L’ultima cosa che vide fu una figura dai lunghi capelli ondulati sollevare la bicicletta dal corpo della bambina, e stringere quest’ultima al petto

“Morirai anche tu!” bisbigliò e le fece cenno di andarsene, ma improvvisamente il rimorchio prese a scivolare sul lato destro urtando le automobili parcheggiate sul ciglio della strada ed investendo le due. Sbatté violentemente la testa, e delle schegge di vetro gli si conficcarono nelle braccia paffute, vide degli schizzi di sangue sul cofano e comprese che almeno una delle due non ce l’avrebbe fatta.

 

 

 

 

“RUKAWA!”

Il ragazzo dai profondi occhi blu si girò verso la giovane manager Ayako.

“Che c’è?” le chiese burbero come al solito, la bella ragazza dai capelli neri gli si avvicinò e lo guardò seriamente

“Ascoltami con calma…”

“Che diavolo succede?” insistette Kaede ansioso di tornare al suo allenamento. Ayako non s’infuriò come avrebbe fatto di solito, ma continuò a guardarlo negli occhi con quella strana espressione compassionevole

“C’è tua madre al telefono” disse semplicemente. Kaede si asciugò il sudore con l’asciugamano che gli porgeva la ragazza

“Ok”.

 

Rukawa sollevò la cornetta

“Mamma?”

“Kaede…” eccepì dall’altro capo del telefono con voce sommessa, forse aveva pianto,

“Che succede?” le chiese decisamente seccato il ragazzo: non aveva mai amato troppo i propri genitori, erano pesanti, sempre in pena, impiccioni ecc. Peggio ancora, pretendevano d’instaurare con lui il solito rapporto “I miei genitori sono i miei migliori amici”! A lui certe idiozie non interessavano per niente, non avrebbe mai sopportato di farsi vedere in giro per i pub a braccetto con suo padre, e suo padre l’aveva capito. Quelle poche volte che era a casa o lo ignorava completamente, o lo trattava con freddezza manco fosse un automa. Non si sentiva a suo agio a casa, non si sentiva a suo agio in camera, non si sentiva a suo agio la sera mentre cenavano assieme, c’era solo una persona in mezzo a quel caos che lo comprendesse, ed era solo la sua piccola Mi…
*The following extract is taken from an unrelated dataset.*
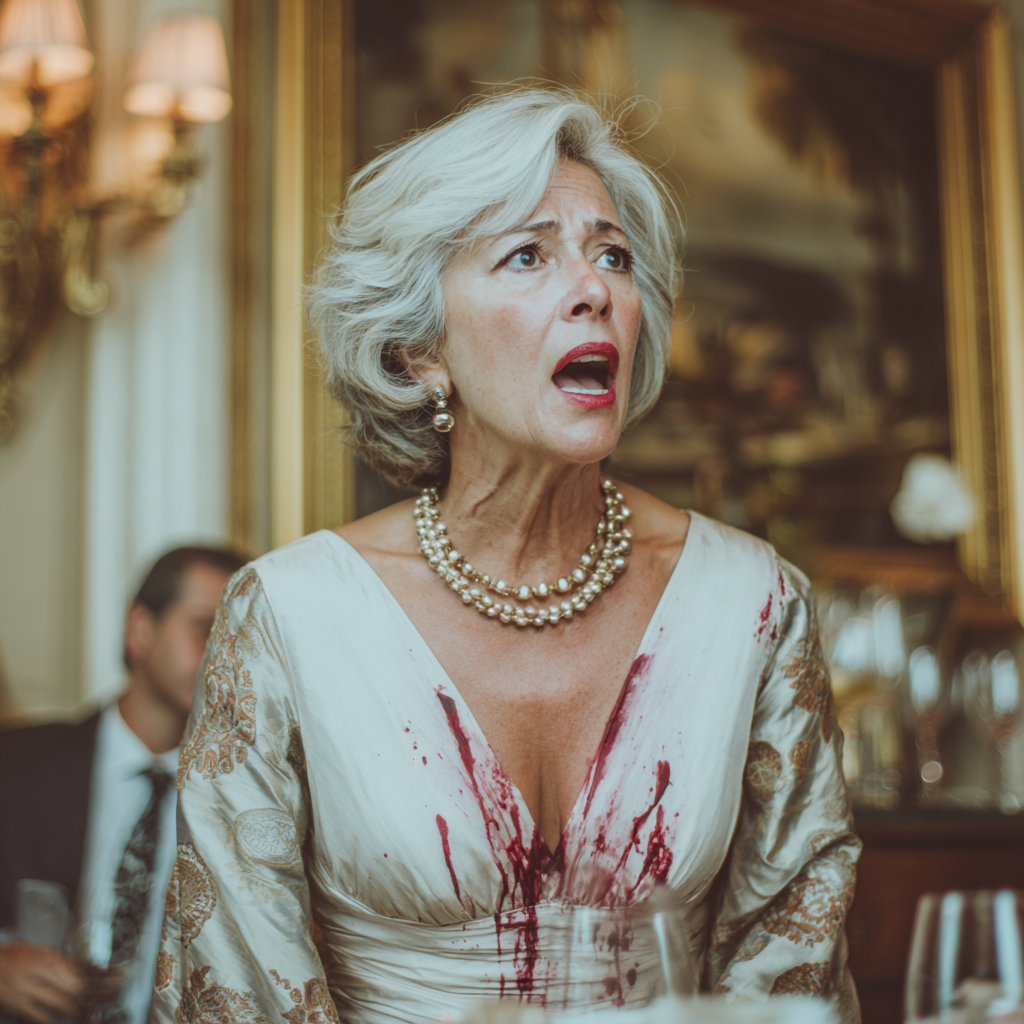 Une femme choquée avec une tache de vin sur sa robe | Source : Midjourney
“La tua sorellina, Miyu ha fatto un incidente”…appunto, l’unica persona che contasse davvero per lui era solo la sua sorellina, se le fosse successo qualcosa sarebbe morto. Aveva solo 7 anni, ma nonostante questo…nonostante questo…

“C- cosa?”

“Ho detto che Miyu ha fatto un incidente!”

Sbiancò. Non aveva uno specchio sotto agli occhi, ma era certo di esser diventato esangue come un cadavere.

“Miyu…Miyu ha fatto un incidente?”

“Sono all’ospedale. Per favore raggiungimi subito”. Si passò una mano sul volto

“Come sta lei?” le chiese sforzandosi di nascondere il fremito che gli usciva dalla gola

“Kaede…”

“COME STA LEI?” sua madre dall’altra capo del telefono ammutolì: non aveva mai sentito suo figlio urlare prima d’ora…qualcuno avrebbe potuto dire “ma che razza di madre sei?” ma Kaede non era certo il figlio che tutti sognavano. Certo, lei lo amava ed era orgogliosa di lui, ma lui…perché si rinchiudeva in sé stesso a qual modo? Provare ad aprirlo era stato inutile, e anche tentare di diventargli amica. Spesso pensava che suo figlio la odiava…

“N- non lo so. La stanno ancora visitando. Ma è molto importante che tu venga qui subito!”

“Vengo” rispose il ragazzo e tagliò subito la conversazione. Appoggiò i gomiti sulla mensola che reggeva l’apparecchio telefonico e nascose il viso tra le mani.

“Va tutto bene? Stai tremando…” la voce di Mitsui lo fece sussultare, si girò

“Dì ad Akagi che sono andato via.” Mitsui gli poggiò una mano sulla spalla

“E’ successo qualcosa?”

“Niente!”.

 

Si scrollò di dosso la mano dell’amico e corse negli spogliatoi.